The alpacas carefully kept just far enough away that the pitiful zoom on my phone camera doomed any attempt to take a recognisable photo. I can only assume that this is an innate ability they possess. Impressed, I left them to it and went in search of the shop.
There was no sign of the shop. A teenage girl, who was minding her own business at a bus stop until I accosted her with questions, explained why the village shop was being so evasive:
‘There was a shop,’ she told me, ‘but it was recently bought by a couple who are no longer running it as a shop. There is one in Dyffryn though.’
This was less than ideal; Dyffryn Ardudwy (‘Ardudwy valley’) was the next village along but one which the path would definitely be bypassing. I glanced around forlornly and spied instead a sign indicating a nearby pub. It was only half eleven so the pub might not yet be open but it seemed like the best bet. I set off to find it…
The pub was open but empty and the barman seemed absolutely shocked to have a customer.
A few minutes later, someone else stuck their head in, looked around and — despite the fact that I was right there being served a bottle of water and a soft drink (it was too early for beer, I decided) — came to the conclusion that the pub was closed and promptly left. Five minutes later, he was back again, possibly having failed to find the nonexistent shop.
The footpath that I hadn’t followed earlier had been forced to come and find me or, at least, we both needed to cross the Ysgethin by the same bridge.

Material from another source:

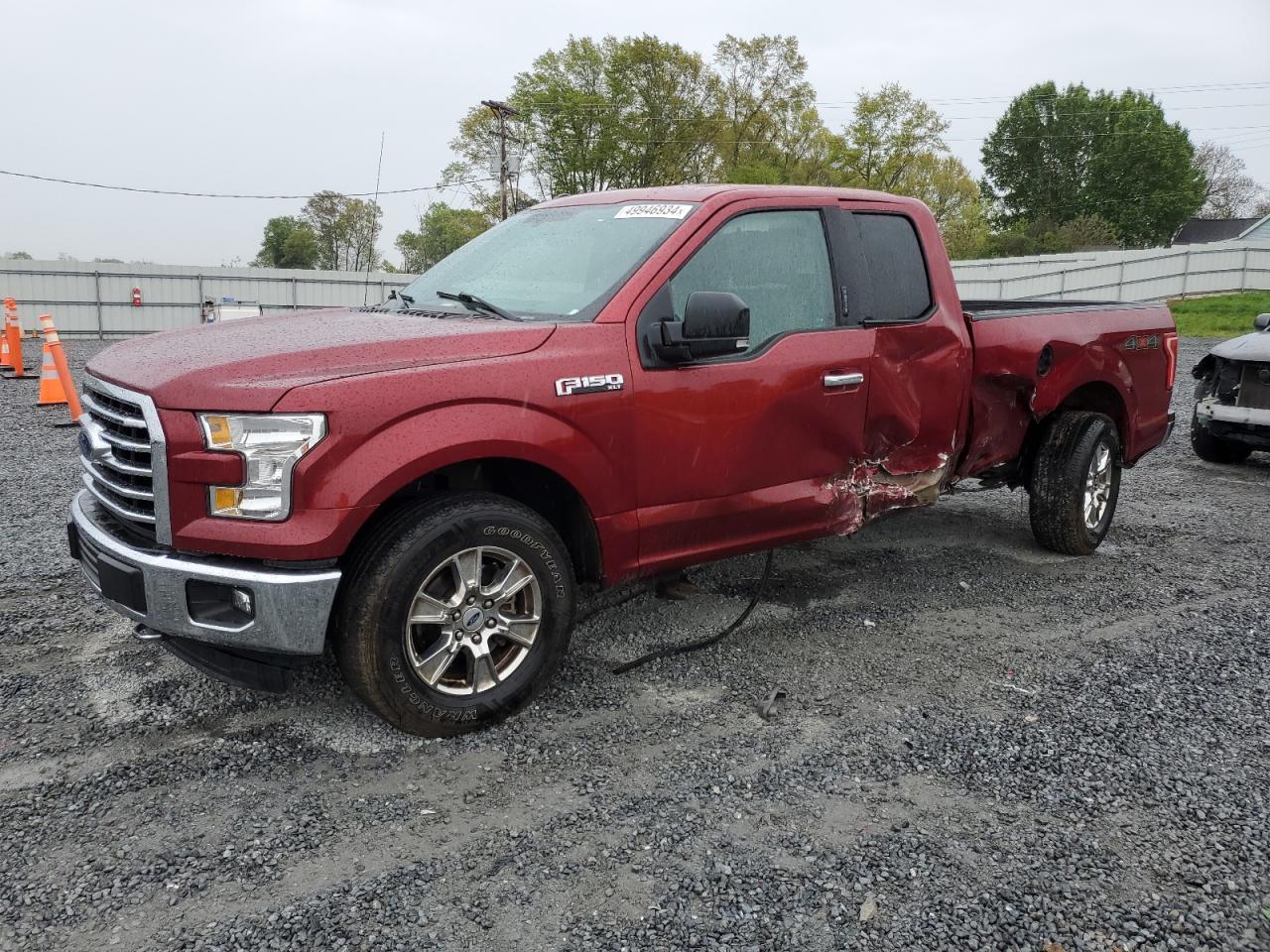 2017 FORD F150 SUPER CAB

The path then headed seawards along the river’s north bank and I followed it, letting it lead me into another squelchy marsh. Ahead I could see sand dunes with their pointy, scratchy marram grass. What I couldn’t see was the actual path and I was forced to pick my own way through the marsh, bitterly cursing the surprising lack of waymarks.
Mouth of the Ysgethin
The non-path led me through the dunes to a shingle beach where the Ysgethin flowed into the sea. A helpful combination of river meanders, dunes and fences meant that I had to cross the water twice before crunching along the shingle, which was hard going and just about my least favourite terrain.
I considered my options — I could stay on the shingle beach in the path of the rising tide. Or I could try to navigate the dunes, which were up and down like a yo-yo and horribly lacking in paths. Or I could head back to the marsh and hope to find a dry path.
Morfa Dyffryn & Shell Island
The Right Option
I chose the latter and a dry path duly presented itself. This led me north between dunes and marshland until it deposited me in a car park. There I was perplexedly trying to fix my position when a helpful holidaying couple from Buckinghamshire pinpointed it on my map.
This was where I was supposed to reach the beach. I was at Morfa Dyffryn (‘valley marsh’), parallel to Dyffryn Ardudwy. From here, the beach would be glorious sand all the way. For a considerable distance it would also be a naturist beach but that didn’t faze me in the slightest, I don’t really have much of a nudity taboo. It was by no stretch warm, though, so any naturists would need to be pretty determined.
The cold, wind-blown sand continued for a couple of miles while the tide reduced the beach to a narrow ribbon. Eventually, the sand became more of a coarse grit that on closer inspection was actually tiny bits of seashell.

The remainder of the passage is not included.